Hard takeover: systemPrompt: string

Wipes the SDK default (including envelope rules). You must copy the envelope rules into your own string or the model won't know how to call agent_turn. Use the function form instead in most cases.

Tool list location

In CoT mode OpenAI's tools[] only carries one agent_turn (with forced toolChoice). The real actions (navigate / click / scroll_to / border / fill_input / …) live in the system prompt's # Tools section with their name + description + JSON Schema, for the model to populate agent_turn.actions[].tool.
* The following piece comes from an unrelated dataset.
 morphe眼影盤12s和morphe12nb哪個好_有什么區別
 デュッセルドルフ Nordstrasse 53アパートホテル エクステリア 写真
To add an action use WebAgentConfig.customActions; to remove a builtin use disableBuiltinActions; to enable present_surface set allowPresent: true.

Debug

window.__dddkDebug.lastLlmMessages holds the last messages array sent; window.__dddkDebug.turnLog keeps a rolling 50-entry summary of each turn's envelope. The console also logs [dddk webagent] turn with memory / todos / actions per turn.

Why the SDK default is English

LLMs respond most reliably to English imperative instructions and stable tool-calling. The dev block lets the host write whatever language they want; the host's reply-language rule overrides the English default.